**DATASET RECORDS:**
------------------------------------------------------------
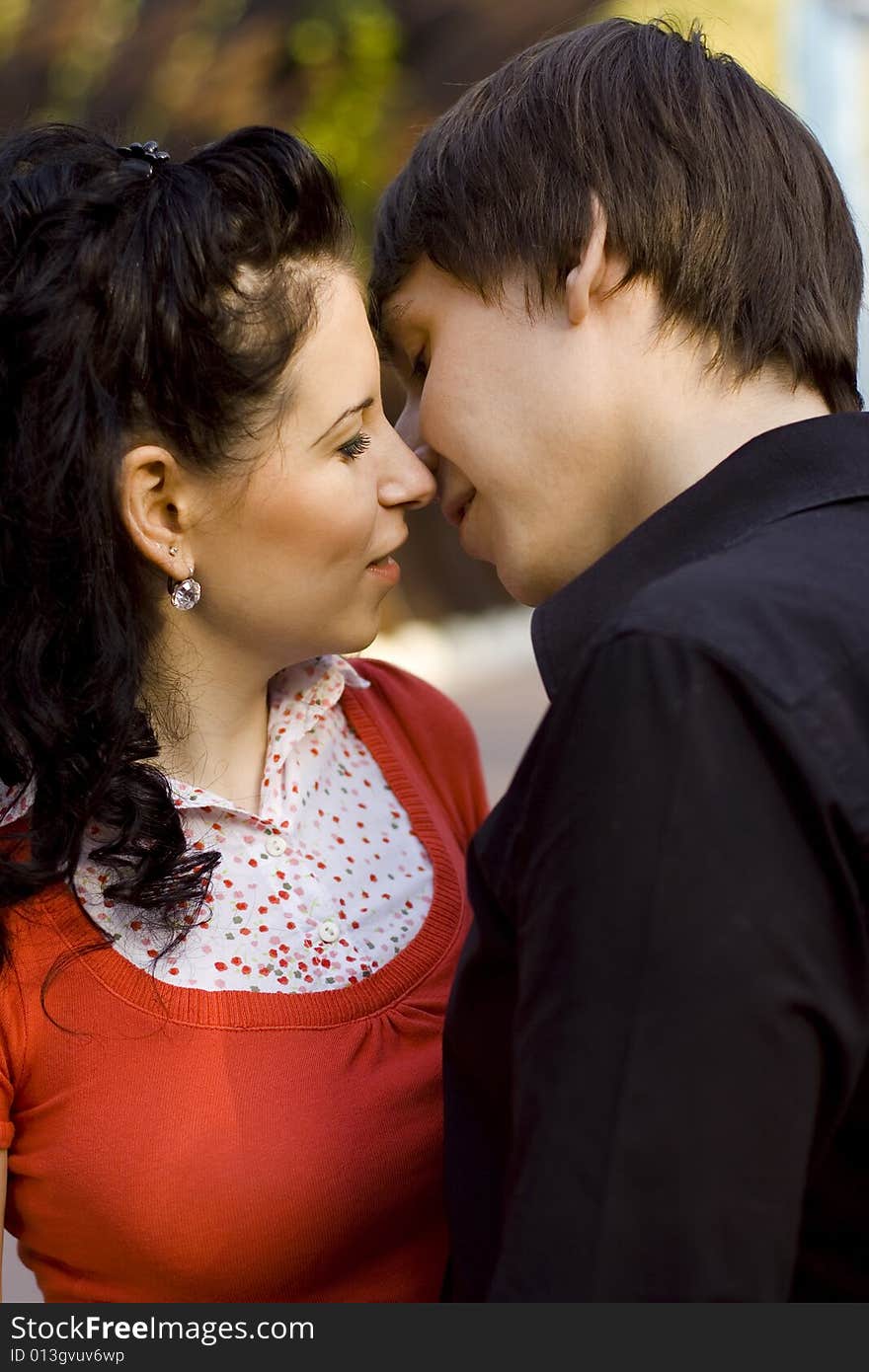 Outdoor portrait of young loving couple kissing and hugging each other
------------------------------------------------------------
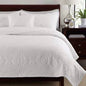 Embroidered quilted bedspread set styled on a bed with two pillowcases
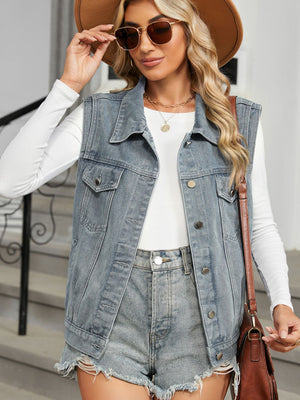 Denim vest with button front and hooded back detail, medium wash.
------------------------------------------------------------
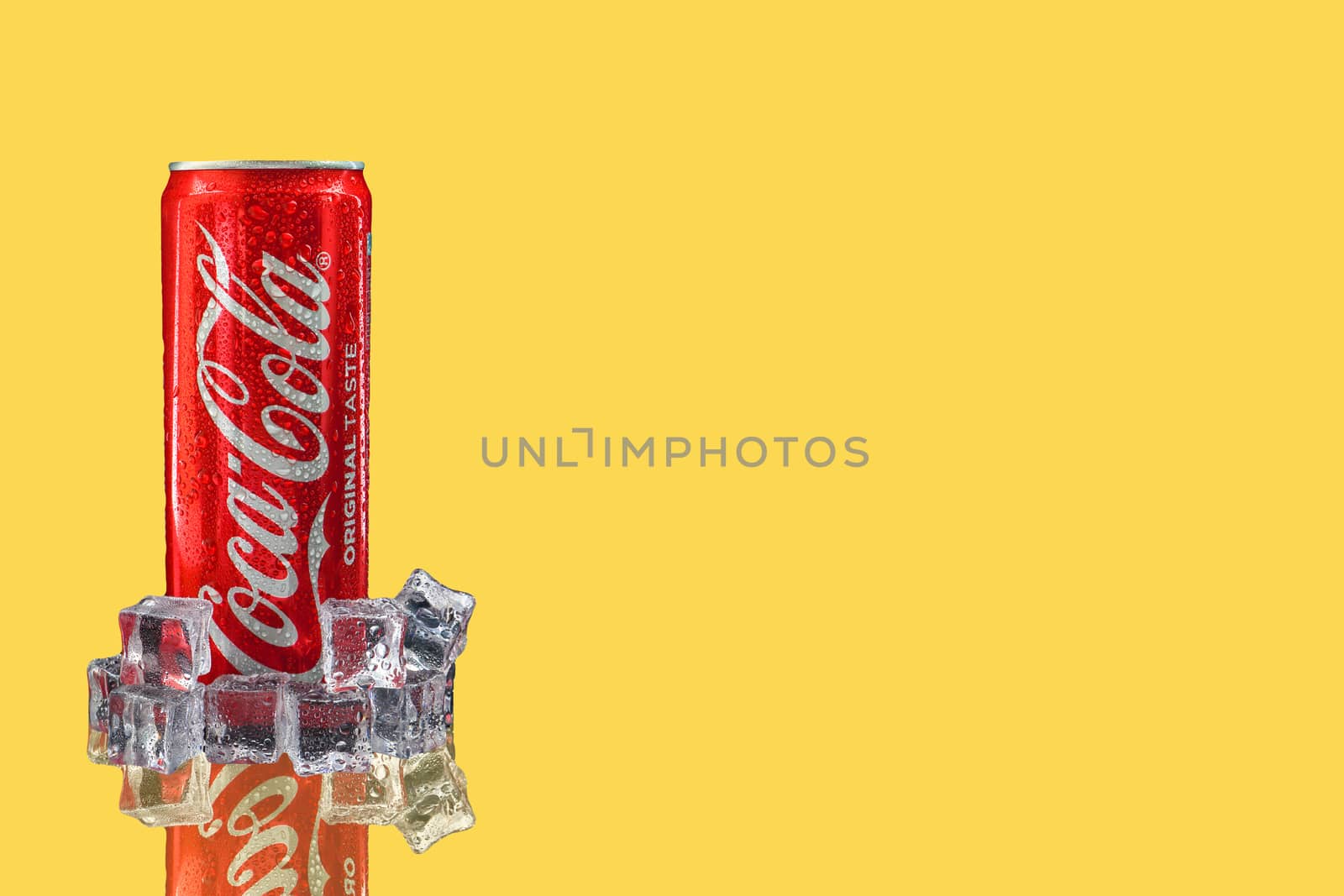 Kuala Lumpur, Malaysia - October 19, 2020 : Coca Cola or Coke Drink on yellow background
------------------------------------------------------------
**WHAT NEEDS TO BE DONE:**
Given the records above, return the lines starting at the one that holds "Embroidered quilted bedspread" and ending at the one that holds "Denim vest with", exactly, and nothing besides; leave every picture out.

**COMPLETED TASK:**
 Embroidered quilted bedspread set styled on a bed with two pillowcases
 Denim vest with button front and hooded back detail, medium wash.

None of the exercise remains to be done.